思ったより絵が綺麗だったのと声優が上手だったので中国のキャッチアップ能力の高さを感じました。
ストーリーは、人類の自然破壊により住処を奪われた妖精が人間に復讐しようとし、その鍵を握るちびっこ妖精の小黒(シャオヘイ)が葛藤する、というもので、数十年前に日本が直面した課題に現代中国が今まさに直面していることを伺わせます。
物語自体は単純な二項対立であることと、キャラクター達もいわゆる完璧型(シャオヘイは完璧ではありませんが天才型)で、その点でもまだこのアニメはプリミティブな表現の段階にいると言えるでしょう(例えば、千と千尋の千尋が冒頭いかにぐずぐずした人間か、そして映画の扱うテーマがいかに複雑かを考えていただければと思います)。
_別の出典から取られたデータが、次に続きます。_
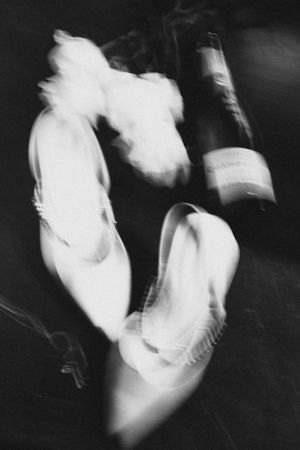 Artistic black and white photo of wedding shoes and champagne bottle.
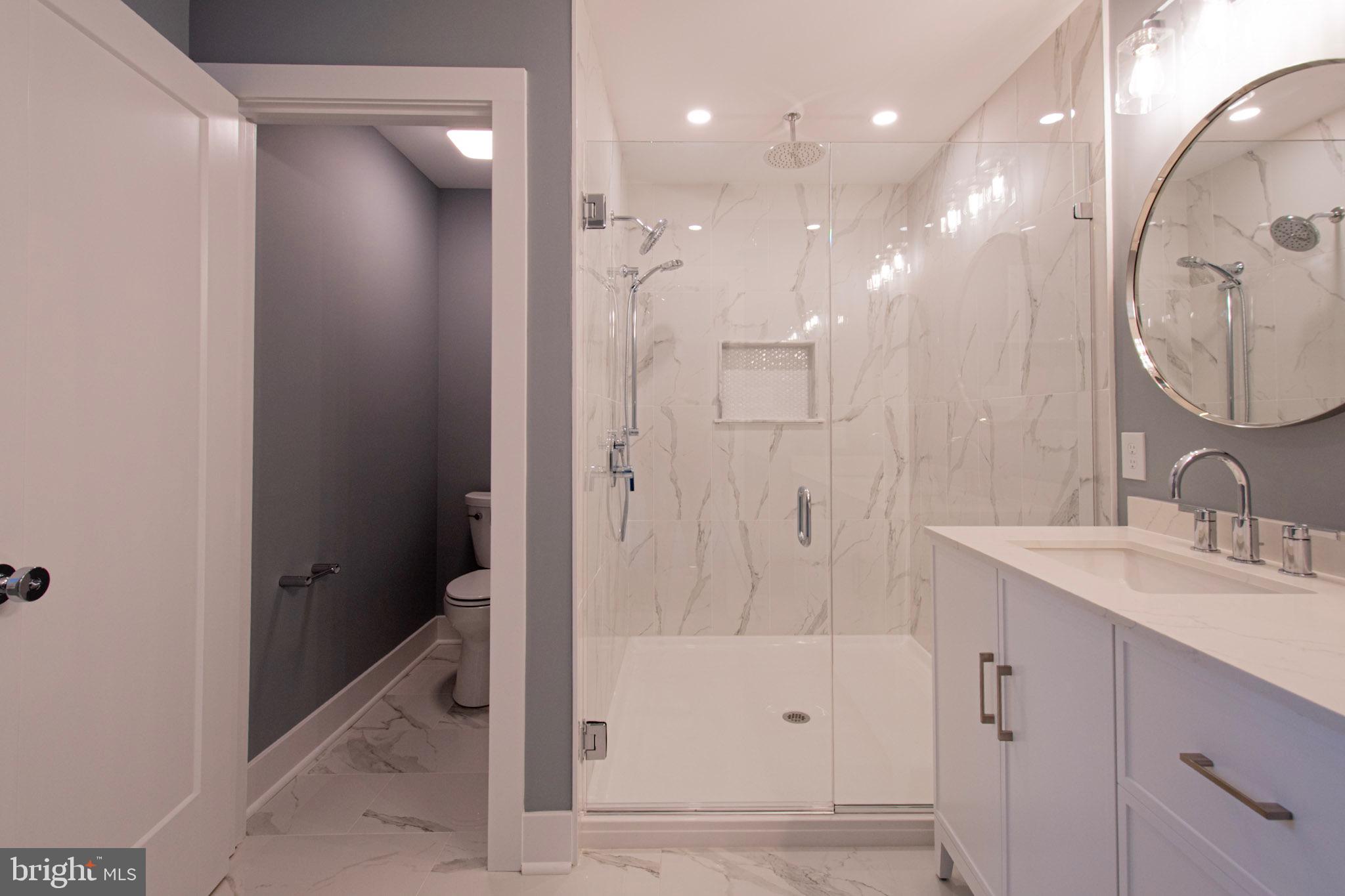 21 Manor Road Paoli, PA 19301 - Photo 23 of 35 a bathroom with a mirror a sink and a shower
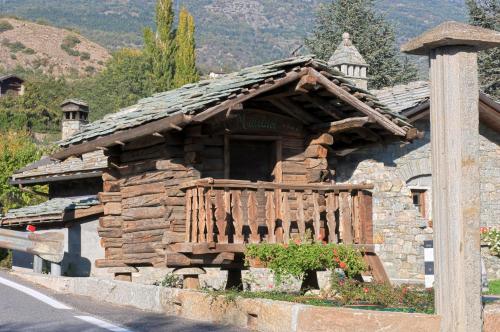 a log cabin with a wooden porch on the side of a road at Hotel Milleluci in Aosta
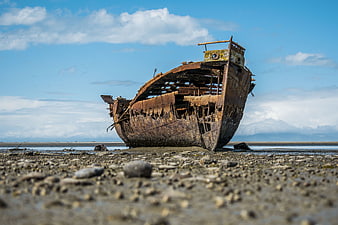 Rusty Abandoned Shipwreck on Rocky Beach Shore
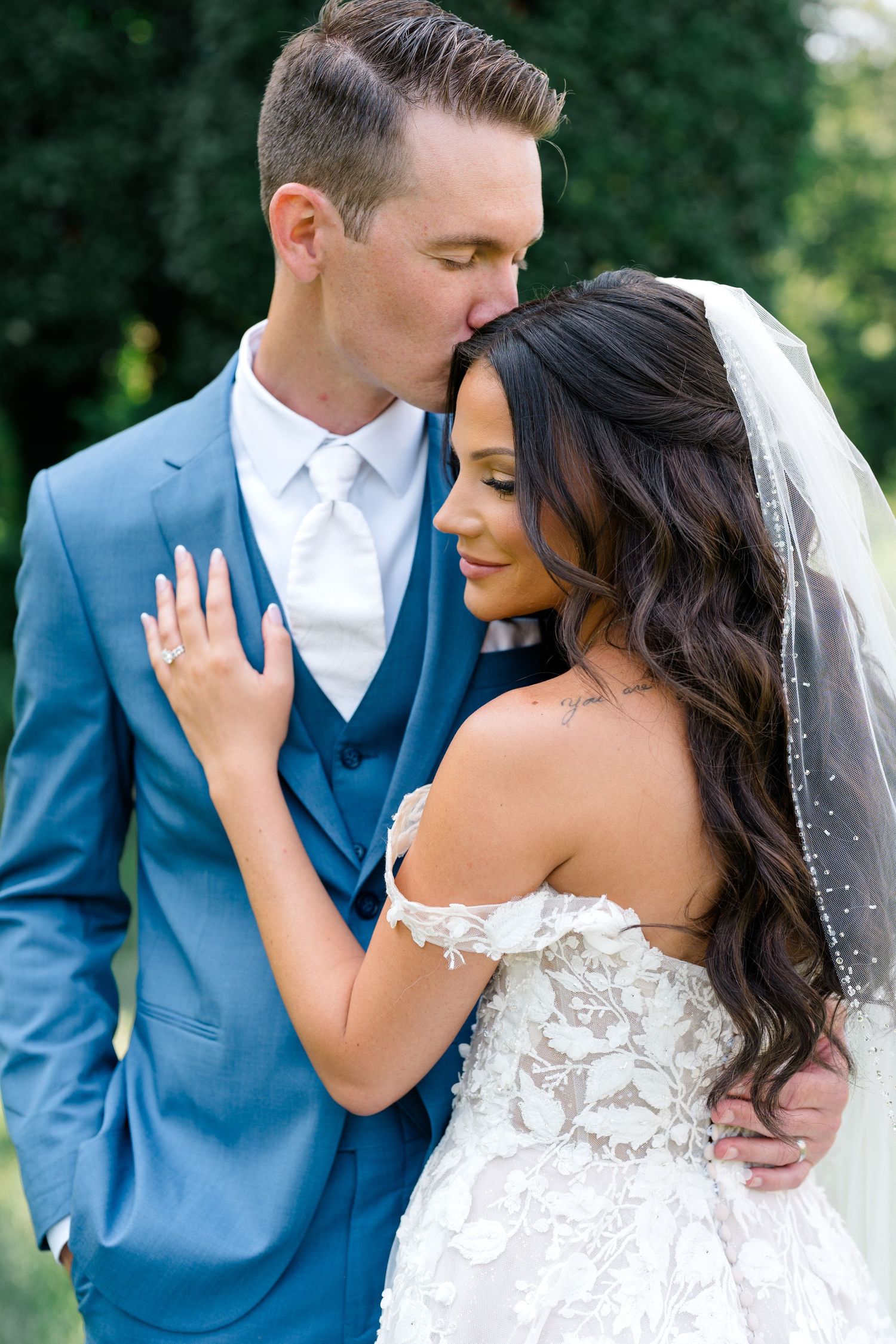 Romantic wedding couple portraits featuring a blue suit and white lace dress in an outdoor garden setting.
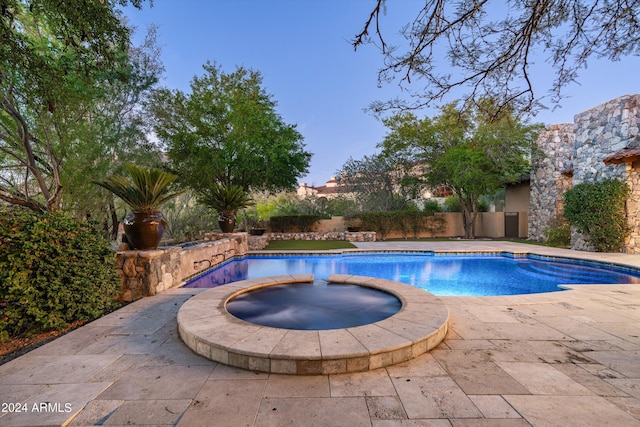 view of swimming pool with an in ground hot tub, a patio, and a fenced in pool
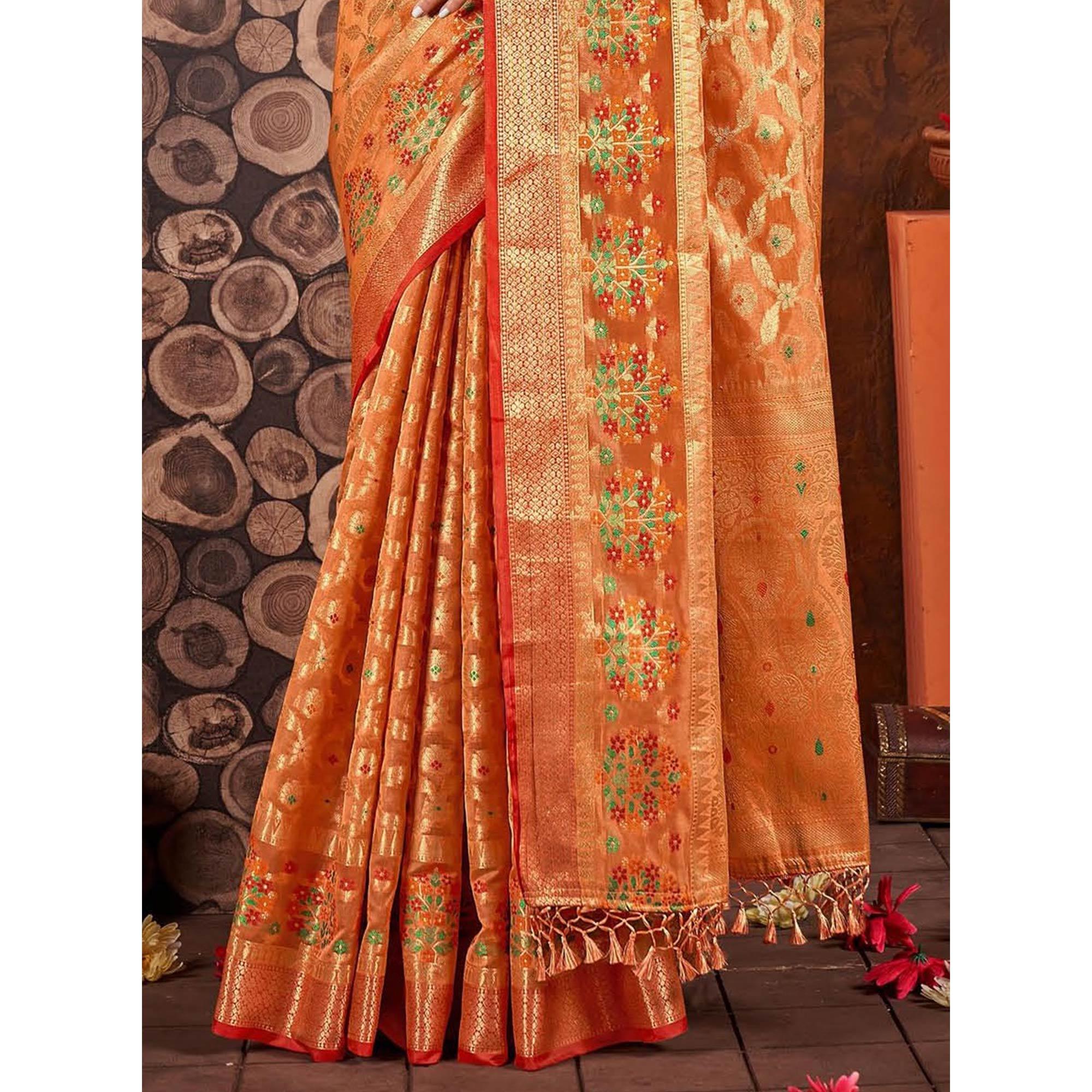 Orange Woven Organza Saree With Tassels - Peachmode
後はすごい面白そうなキャラが終盤でやっと登場するなど、色々な意味で未熟さを感じさせる部分は多くありましたが、まずこれだけの作品が中国から出てきたということを評価したいと思います。未熟さは可能性の裏返しでもあり、中国アニメが日本の関係者の想像を超えた方向に、想像を超えた速度で発展する未来もあるかもしれません。もしそうなればそれは、日本がほぼ独占してきたアニメ表現という芸術の分野に多様性が生まれるという点で望ましいことでもある一方で、日本の関係者にとっては将来の厳しい競争も示唆しているのかもしれません。僕自身は日本の未来を案じつつも、中国人が中国の課題に対する中国の答えを突き詰める場にアニメがなってくれることを願います。